Here’s Damon’s summary; “I think that legal firms really need to be focusing on the big themes at the moment because there is so much to focus on, if you don’t focus on the big themes, you’re going to miss out.
To reiterate those are;
- Client cost pressures, looking at efficiencies and better value.
- The liberalisation of the legal markets with the alternative business structures and legal process outsourcing, which are here to stay. Making sure that those processes are optimised must be a key focus. Then finally,
- The tech is advancing at such a pace and we know it will take up repetitive administrative tasks with greater precision, and also recall capability as well, so that’s a big advantage.
So, I would say that embarking on Intelligent Automation of processes now is a really good and smart way to start reducing your costs and redeploying skilled resources onto value-add activity.”
Technology specialists and lots of firms have been doing automation for years, the intelligence bit is really benefiting from the commoditised, artificial intelligence capabilities.
It sounds a bit advanced, but actually, when you look at what commoditized artificial intelligence gives you, it’s things like natural language processing. The hard work that would have been done, it’s been built for you and now it’s more accessible than before.

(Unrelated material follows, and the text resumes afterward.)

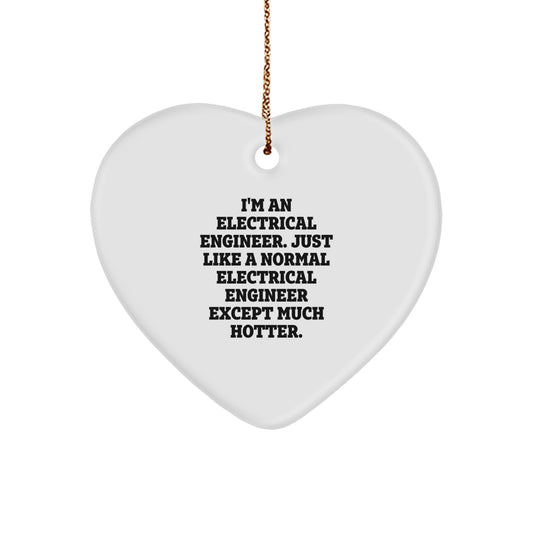 Funny Electrical Engineer Heart Ornament Gifts from Friends for Electrical Engineer, Perfect Christmas Unique Gifts, Inspirational Quote - Image 1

Some easy Intelligent Automation wins for law firms
These are a few of my favourites because they fit well with large chunks of legal work and they have been developed, refined and have proven benefits.

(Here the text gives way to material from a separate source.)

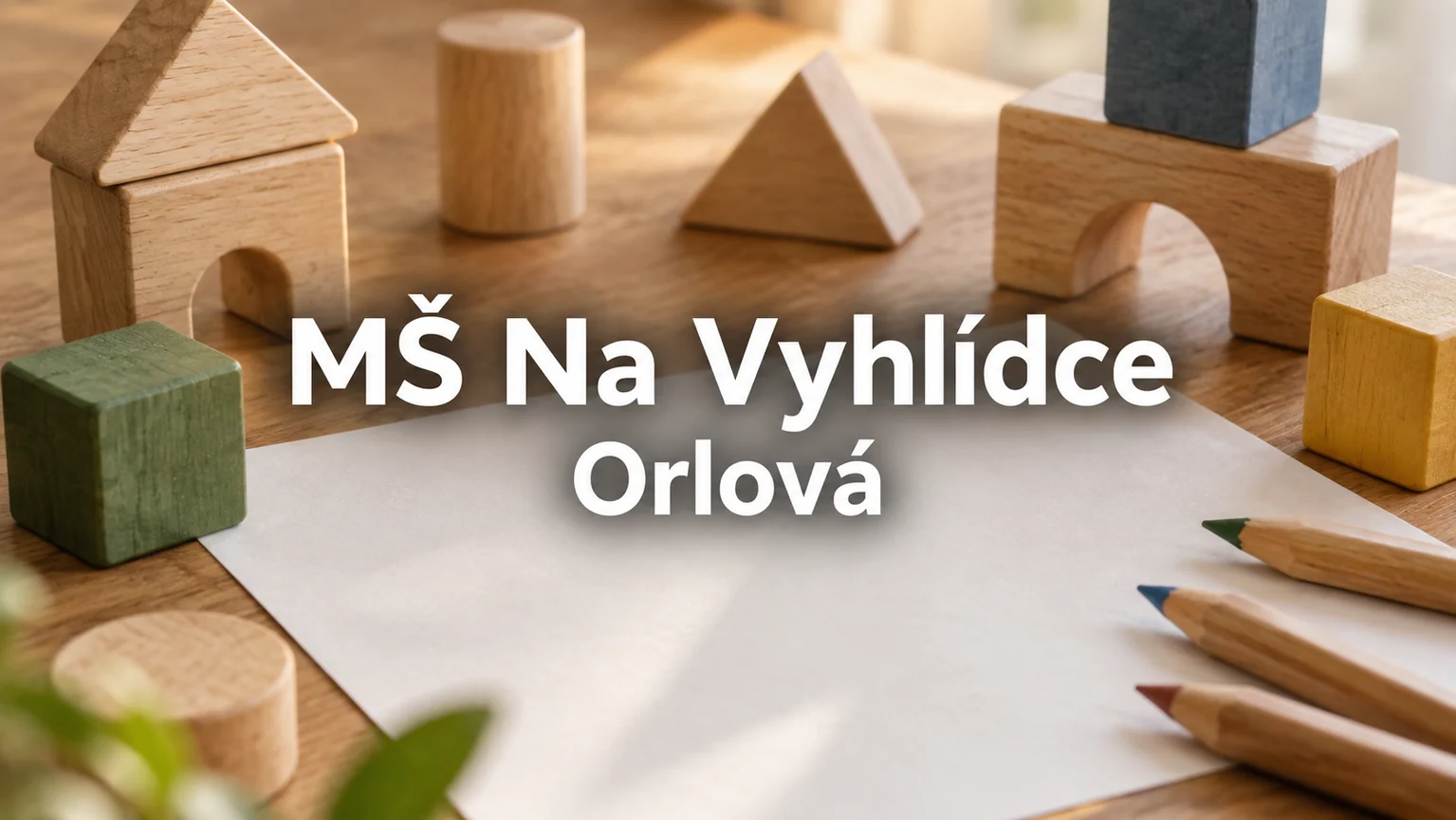 Dřevěná stavebnice a papír – MŠ Na Vyhlídce, Orlová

Natural language processing.
For example, train up the technologies to understand legal language better, because it’s more structured, than the conversation we’re having now. That then allows lawyers to process legal documents quicker. You can also get insight on what’s being said, but the judgment remains with the human, it’s an advisory service.
Thanks to social media this has advanced considerable to become a useable solution; Is your customer happy? Sad? Are they likely to praise you or criticise you? You can apply sentiment analysis to legal statements, documents, again, in an advisory capacity to inform the lawyer on the decisions they need to make.
Really, what that means is, if you have a photograph in a document, you can extract it by just pressing a button, and it’s in your system or evidence file or case file.
If you have a table of data that’s in a PDF file, rather than recreate it, the computer scans it and brings it in as editable text. So that rekeying problem and the errors, are mitigated by these techniques.
The automation aspect just really brings these together in a total package, enabling the lawyers to do their jobs more effectively. It reduces that administrative burden and obviously reduces costs for the company overall.
Will Intelligent Automation lead to lower billings?
With Intelligent Automation you can bill more clients and grow your business. Better value from invoiced services, but more services billed. From a private sector perspective, you could do more of the same thing. So, if your business now is at a point where you can’t really take on any more clients without hiring people, you’re going to add to your cost base but make less profit.
If you automate it, you could do more with less. You increase your profit, you don’t really have to create large amounts of invoices and try and build your customer accounts from within. You can look to grow from the outside and build your company at the same time.